Consider a block sliding without friction on a wedge as in the following picture:
Given the height of the block of mass $m$ as a function $h(t)$ of time $t$ with initial height $h(0) = h_0$, is the following method to determine the acceleration of wedge $M$ correct?
Using conservation of energy, the initial potential energy of the block is equal to the final kinetic energy plus potential energy after a time $t$: $$mgh_0=\frac{1}{2}m(v_1\cos(30^\circ)-v_2)^2+\frac{1}{2}M(v_2)^2+\frac{1}{2}m(v_1\sin(30^\circ))^2 +mgh(t),\tag{1}$$ where $v_1$ is the velocity of the block in frame of the wedge and $v_2$ is the velocity of the wedge w.r.t ground. Using conservation of momentum in the frame where the ground is at rest, we also have $$m(v_1\cos(30^\circ)-v_2)=Mv_2\tag{2}.$$
The second equation looks perfectly fine to me as it just momentum conservation.
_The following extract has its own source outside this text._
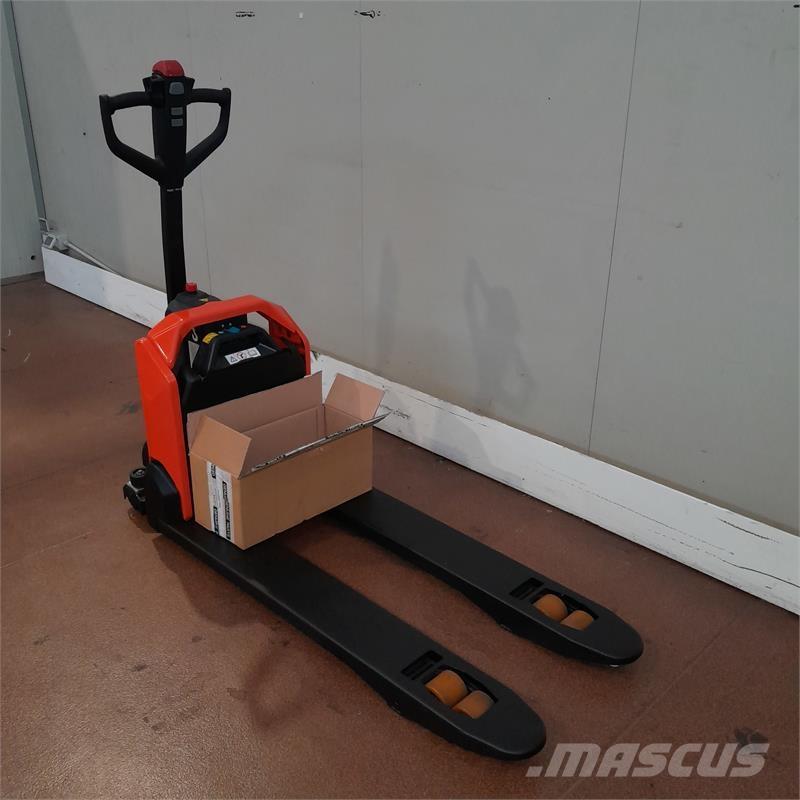 BT LHE130 Empilhadores eléctricos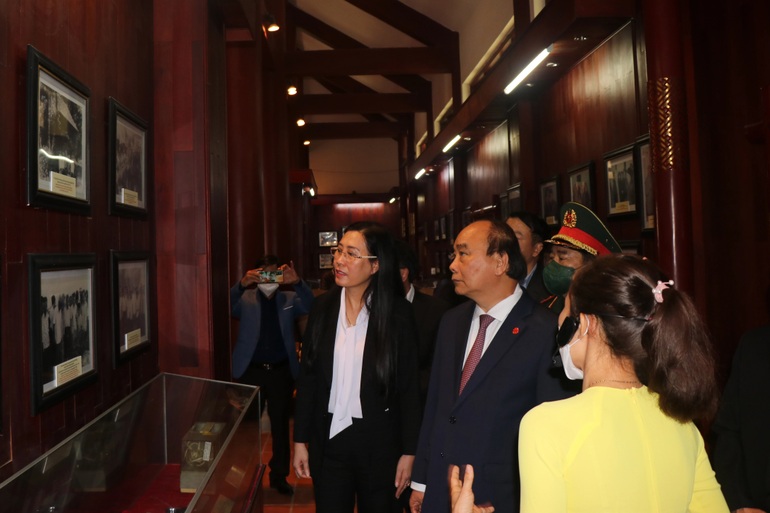 Chủ tịch nước Nguyễn Xuân Phúc thăm, làm việc tại Quảng Ngãi - 1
However, the first equation might be incorrect. I applied this technique to solve this problem, which asks for the acceleration of the wedge if the block's height varies as $h(t) = 1.5\ \mathrm{m} + 1.5\frac{\mathrm{m}}{\mathrm{s}^2} t^2$. I solved for $v_2(t)$ from the two equations and then differentiated it to get the final result. The answer I get using this technique (putting $M=m=1$ as the result is independent of mass) is $3 \mathrm{ms^{-2}}$. However, the correct result should have been $\frac{2}{\sqrt{3}} \mathrm{ms^{-2}}$. I'm certain that there is no trivial calculation error. I've checked it several times.
So, why is equation (1) not applicable in this case?